YORKSHIRE TERRIER
El Yorkshire Terrier es uno de los perros miniatura más atractivos. Combina un grado muy elevado de inteligencia canina con un valor sorprendente, siendo un perrito tan pequeño, unos buenos modales natos y un aspecto delicioso.
Como cachorro posee muchas cualidades recomendables. Es leal, tiene buena disposición y desde el punto de vista de ama de casa, posee muchas cualidades en cuanto a una buena conducta y limpieza.
Posee un alto grado de sensibilidad, una expresión muy alegre y no soporta los malos tratos, motivo por el cual, requiere de adiestramiento con dulzura y delicadeza. Es altivo, algo que lo dota de un aire de importancia, mostrándonos un amor fuera de límites. Algo que a mi me ha impactado, es que son capases de intuir el estado de animo de su amo, en su temperamento son especiales, alegres y con una gran personalidad, pero sobre todo, muy valientes y esto lo demuestran cuando no dudan en enfrentarse con perros de mayor tamaño, ya que en realidad no son conscientes de su reducida corpulencia y toman una actitud de perros grandes.
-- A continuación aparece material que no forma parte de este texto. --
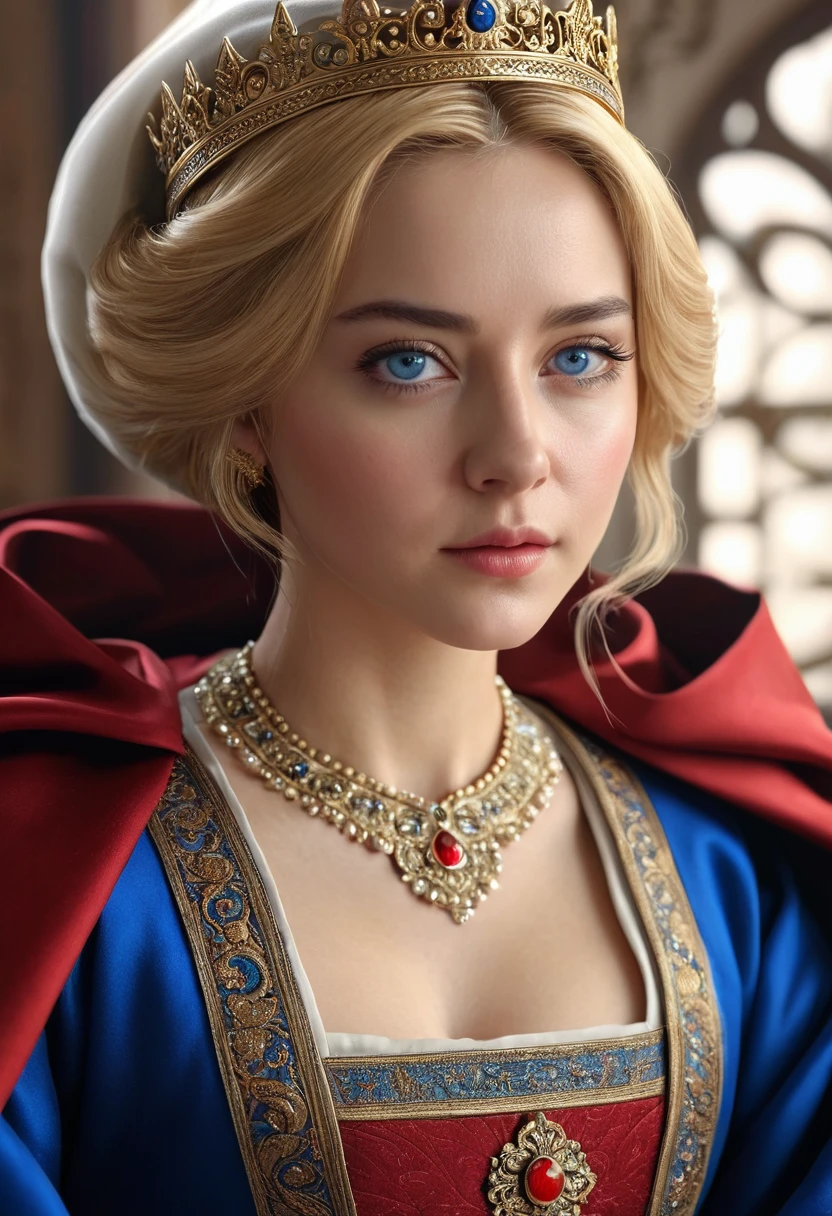 (Masterpiece: 1.2, Best Quality), Realistic, (Realistic Picture, Complex Details, Depth of Field), Best Quality, Masterpiece, Highly Detailed, Semi Realistic, 1 Girl, Mature Female, 21 Years Old, Blond Hair, Shoulder length Short Hair, Left Eye Covered with Hair, Blue Eyes, King's Clothes, Red Cloak, Slim Figure, Crown Made of Precious Gold, Reading Documents, Marking Documents, Goose Hair Pen, Office Table, Soft Bench, Palace, In the palace, during the Middle Ages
Les gusta compartir todo con su dueño, pero eso si, solo tienen uno y disfrutan estar en los brazos de él.
Son desconfiados ante los extraños, su estado siempre es alerta y si no se ven en peligro, en seguida se adaptarán a la situación.
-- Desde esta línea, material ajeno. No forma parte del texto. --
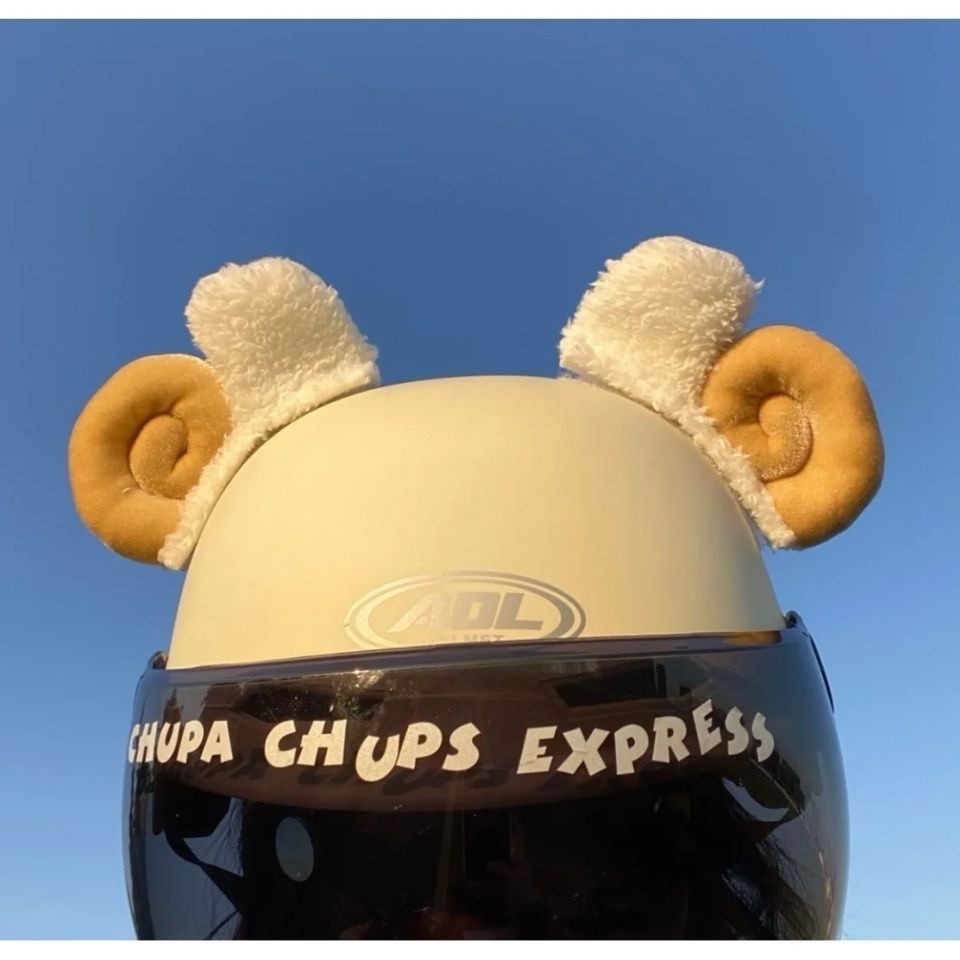 001 Angelababy Estilo Adorable Decoración de Orejas de Oveja para Vehículos Eléctricos Accesorios para Cascos de Esquí DIY_voghion.com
No son excelentes compañeros para los niños, ya que pueden hacerles daño por su pequeña talla.
Se consideran perritos que despiertan la admiración, ya que se combinan el lujo y el refinamiento.
Yorkshire Terrier; una raza que enamora
El Yorkie, como cariñosamente se le llama es un perro de ecléctica belleza que bajo su capa de seda se esconde un gran corazón y con su carácter particular hace que nos conquiste nada más al verlo.
Allá por los primeros años del siglo XIX durante el esplendor económico del imperio británico, ya fuera en el interior de las minas de carbón, en los campos de Inglaterra, en los hogares de los artesanos, en las naves de las fábricas, unos pequeños perros Terrieres fuertes, vivaces y de aspecto peludo se encargaban ferozmente de mantener aquellos ámbitos libres de roedores y de pequeñas alimañas. Como su propio nombre indica estos perros fueron creados para andar por la tierra e introducirse por los agujeros más pequeños en busca de ratones y otros animales.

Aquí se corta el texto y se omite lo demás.